What’s new in h5py 2.2¶
Support for Parallel HDF5¶
On UNIX platforms, you can now take advantage of MPI and Parallel HDF5.
Cython, mpi4py
and an MPI-enabled build of HDF5 are required..
See Parallel HDF5 in the documentation for details.
Support for Python 3.3¶
Python 3.3 is now officially supported.
Mini float support (issue #141)¶
Two-byte floats (NumPy float16
) are supported.
HDF5 scale/offset filter¶
The Scale/Offset filter added in HDF5 1.8 is now available.
Field indexing is now allowed when writing to a dataset (issue #42)¶
H5py has long supported reading only certain fields from a dataset:
>>> dset = f.create_dataset('x', (100,), dtype=np.dtype([('a', 'f'), ('b', 'i')]))
>>> out = dset['a', 0:100:10]
>>> out.dtype
dtype('float32')
Now, field names are also allowed when writing to a dataset:
>>> dset['a', 20:50] = 1.0
Region references preserve shape (issue #295)¶
Previously, region references always resulted in a 1D selection, even when 2D slicing was used:
>>> dset = f.create_dataset('x', (10, 10))
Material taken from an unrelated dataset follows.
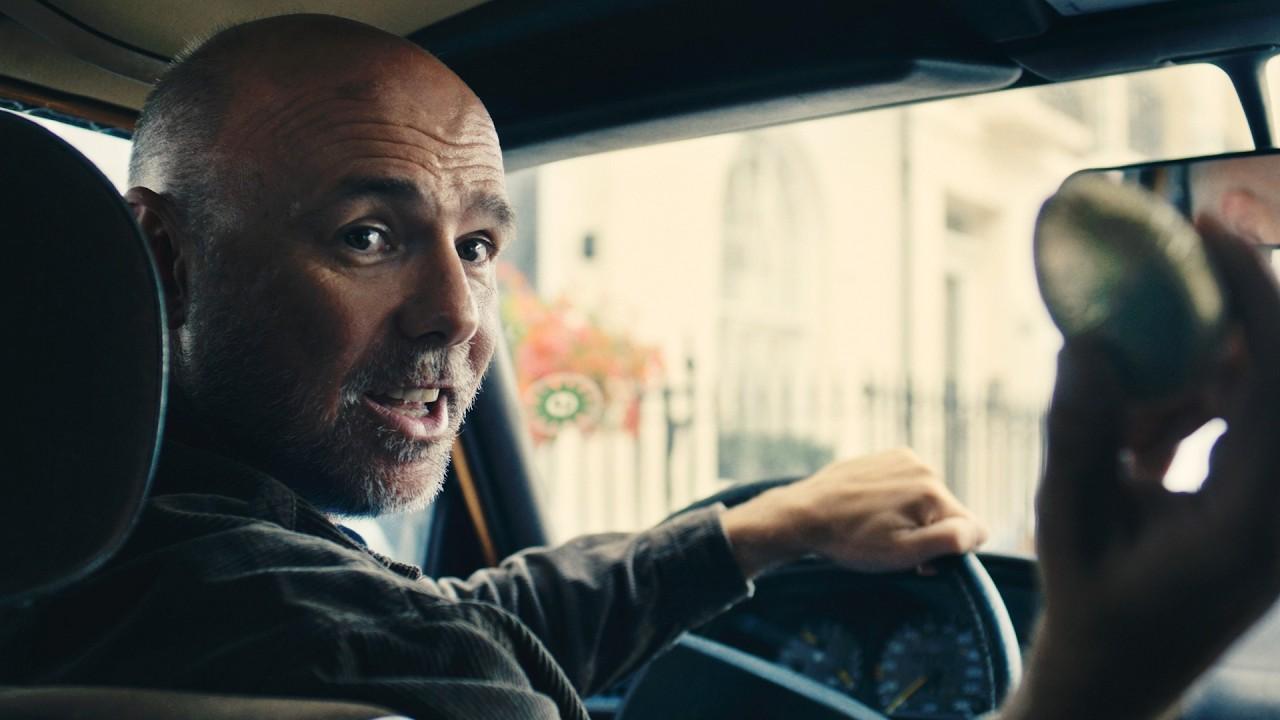 Bury Your Nephew Trailer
>>> ref = dset.regionref[0:5,0:5]
>>> out = dset[ref]
>>> out.shape
(25,)
Shape is now preserved:
>>> out = dset[ref]
>>> out.shape
(5, 5)
Additionally, the shape of both the target dataspace and the selection shape
can be determined via new methods on the regionref
proxy (now available
on both datasets and groups):
>>> f.regionref.shape(ref)
(10, 10)
>>> f.regionref.selection(ref)
(5, 5)
Committed types can be linked to datasets and attributes¶
HDF5 supports “shared” named types stored in the file:
>>> f['name'] = np.dtype("int64")
You can now use these types when creating a new dataset or attribute, and HDF5 will “link” the dataset type to the named type:
>>> dset = f.create_dataset('int dataset', (10,), dtype=f['name'])
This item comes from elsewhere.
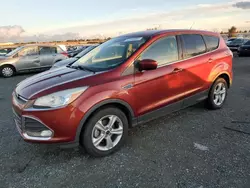 Compre carros salvage a la venta ahora en subasta: 2015 Ford Escape SE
>>> f.attrs.create('int scalar attribute', shape=(), dtype=f['name'])
move
method on Group objects¶
It’s no longer necessary to move objects in a file by manually re-linking them:
>>> f.create_group('a')
>>> f['b'] = f['a']
>>> del f['a']
The method Group.move
allows this to be performed in one step:
>>> f.move('a', 'b')
Both the source and destination must be in the same file.